# Looking for your favorite Trout recipes



## Joejoe070 (May 9, 2013)

I am gonna cook up some trout on Friday and want to do something different then fried I want something different and tasty anyone have some good ideas?


----------



## dbarham (Aug 13, 2005)

Gut em gill em scale em leave head on cut slats down each side rub down with butter lemon garlic sea salt and lemon pepper roll in foil and throw on coals while you bbq thank me later.
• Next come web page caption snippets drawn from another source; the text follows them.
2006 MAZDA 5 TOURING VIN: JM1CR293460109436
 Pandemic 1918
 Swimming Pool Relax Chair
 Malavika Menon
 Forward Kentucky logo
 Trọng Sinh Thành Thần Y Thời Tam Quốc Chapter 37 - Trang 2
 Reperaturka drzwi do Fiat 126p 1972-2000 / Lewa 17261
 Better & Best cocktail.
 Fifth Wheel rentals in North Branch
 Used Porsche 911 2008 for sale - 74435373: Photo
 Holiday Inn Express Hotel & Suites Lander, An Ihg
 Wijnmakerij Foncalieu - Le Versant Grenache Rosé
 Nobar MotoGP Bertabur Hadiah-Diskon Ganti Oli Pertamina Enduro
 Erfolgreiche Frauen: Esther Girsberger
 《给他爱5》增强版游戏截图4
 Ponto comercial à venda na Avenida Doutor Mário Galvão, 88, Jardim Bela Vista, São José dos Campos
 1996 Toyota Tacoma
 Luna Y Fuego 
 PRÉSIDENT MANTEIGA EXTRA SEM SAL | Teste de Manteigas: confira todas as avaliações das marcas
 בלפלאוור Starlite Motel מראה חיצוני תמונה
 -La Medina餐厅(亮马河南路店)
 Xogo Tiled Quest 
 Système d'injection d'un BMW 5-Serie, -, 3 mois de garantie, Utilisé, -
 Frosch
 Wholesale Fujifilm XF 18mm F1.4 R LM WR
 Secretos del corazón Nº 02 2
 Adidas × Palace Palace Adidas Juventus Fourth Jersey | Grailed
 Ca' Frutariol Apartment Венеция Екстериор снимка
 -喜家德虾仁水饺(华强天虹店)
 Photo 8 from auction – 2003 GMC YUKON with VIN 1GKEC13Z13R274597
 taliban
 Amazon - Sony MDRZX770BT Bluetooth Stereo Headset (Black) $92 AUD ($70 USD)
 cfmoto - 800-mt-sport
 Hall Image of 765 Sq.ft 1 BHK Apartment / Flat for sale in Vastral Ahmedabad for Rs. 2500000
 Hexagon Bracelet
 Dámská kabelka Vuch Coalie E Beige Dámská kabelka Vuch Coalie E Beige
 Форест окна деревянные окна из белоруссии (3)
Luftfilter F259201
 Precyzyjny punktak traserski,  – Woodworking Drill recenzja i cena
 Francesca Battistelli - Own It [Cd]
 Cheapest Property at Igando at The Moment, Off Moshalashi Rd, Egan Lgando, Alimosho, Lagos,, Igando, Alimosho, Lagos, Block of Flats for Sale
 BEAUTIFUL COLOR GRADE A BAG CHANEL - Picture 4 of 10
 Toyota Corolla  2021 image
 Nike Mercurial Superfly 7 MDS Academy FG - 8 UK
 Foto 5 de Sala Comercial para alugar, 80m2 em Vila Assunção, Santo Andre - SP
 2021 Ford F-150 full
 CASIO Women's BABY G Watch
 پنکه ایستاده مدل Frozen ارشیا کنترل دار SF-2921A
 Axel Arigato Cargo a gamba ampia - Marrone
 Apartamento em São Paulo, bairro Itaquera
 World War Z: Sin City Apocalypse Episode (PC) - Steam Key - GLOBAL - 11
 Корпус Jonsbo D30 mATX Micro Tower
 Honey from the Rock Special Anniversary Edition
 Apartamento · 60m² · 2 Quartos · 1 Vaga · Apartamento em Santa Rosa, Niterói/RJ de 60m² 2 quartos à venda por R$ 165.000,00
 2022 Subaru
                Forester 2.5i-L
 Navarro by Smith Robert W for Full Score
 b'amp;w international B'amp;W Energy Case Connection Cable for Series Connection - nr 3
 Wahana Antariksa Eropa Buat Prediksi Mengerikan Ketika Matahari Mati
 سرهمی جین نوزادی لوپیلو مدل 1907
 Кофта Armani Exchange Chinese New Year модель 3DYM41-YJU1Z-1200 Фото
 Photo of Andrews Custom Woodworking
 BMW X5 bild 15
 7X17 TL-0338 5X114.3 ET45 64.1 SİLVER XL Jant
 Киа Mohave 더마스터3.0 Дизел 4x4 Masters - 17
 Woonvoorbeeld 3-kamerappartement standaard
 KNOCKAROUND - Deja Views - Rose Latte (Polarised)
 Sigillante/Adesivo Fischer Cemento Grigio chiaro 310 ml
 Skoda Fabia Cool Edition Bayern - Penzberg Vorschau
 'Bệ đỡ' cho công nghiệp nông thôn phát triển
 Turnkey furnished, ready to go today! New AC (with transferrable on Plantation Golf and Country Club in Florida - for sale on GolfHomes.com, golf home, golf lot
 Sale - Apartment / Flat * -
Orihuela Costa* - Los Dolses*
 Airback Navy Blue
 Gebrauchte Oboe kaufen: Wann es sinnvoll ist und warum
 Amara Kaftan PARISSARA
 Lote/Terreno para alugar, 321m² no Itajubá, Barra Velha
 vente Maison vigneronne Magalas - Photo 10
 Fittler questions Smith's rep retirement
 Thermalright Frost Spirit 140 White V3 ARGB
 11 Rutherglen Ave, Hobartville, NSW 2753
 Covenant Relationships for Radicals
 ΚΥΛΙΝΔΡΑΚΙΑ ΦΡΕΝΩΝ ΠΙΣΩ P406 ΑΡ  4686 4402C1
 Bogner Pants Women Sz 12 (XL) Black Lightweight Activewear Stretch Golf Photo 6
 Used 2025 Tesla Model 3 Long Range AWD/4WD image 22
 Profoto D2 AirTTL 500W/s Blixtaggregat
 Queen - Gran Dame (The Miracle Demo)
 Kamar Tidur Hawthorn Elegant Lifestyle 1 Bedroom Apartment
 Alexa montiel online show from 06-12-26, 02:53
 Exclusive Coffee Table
I ate a many bass this way too growing up on the san marcos and guadalupe and comal rivers!


----------



## Joejoe070 (May 9, 2013)

dbarham said:


> Gut em gill em scale em leave head on cut slats down each side rub down with butter lemon garlic sea salt and lemon pepper roll in foil and throw on coals while you bbq thank me later. I ate a many bass this way too growing up on the san marcos and guadalupe and comal rivers!


Ahhhhh your killing me lol I only have filets tho does it matter if I don't have the heads.


----------



## dbarham (Aug 13, 2005)

Same deal they will cook real fast


----------



## Joejoe070 (May 9, 2013)

dbarham said:


> Same deal they will cook real fast


Sounds good if I cook them this way ill let you know how they turned out


----------



## dbarham (Aug 13, 2005)

Or blacken them on a hot skilllet with a little lemon garlic butter


----------



## bigfly55 (Apr 18, 2012)

I like to do a version of Trout Laguna with a crab meat sauce.

Marinate the filets in Green Tobasco sauce for 30 mins. Saute in Butter or coconut oil. The heat cooks out and you are left with a great Jalapeno taste. Some people dredge in flour, i usually do not.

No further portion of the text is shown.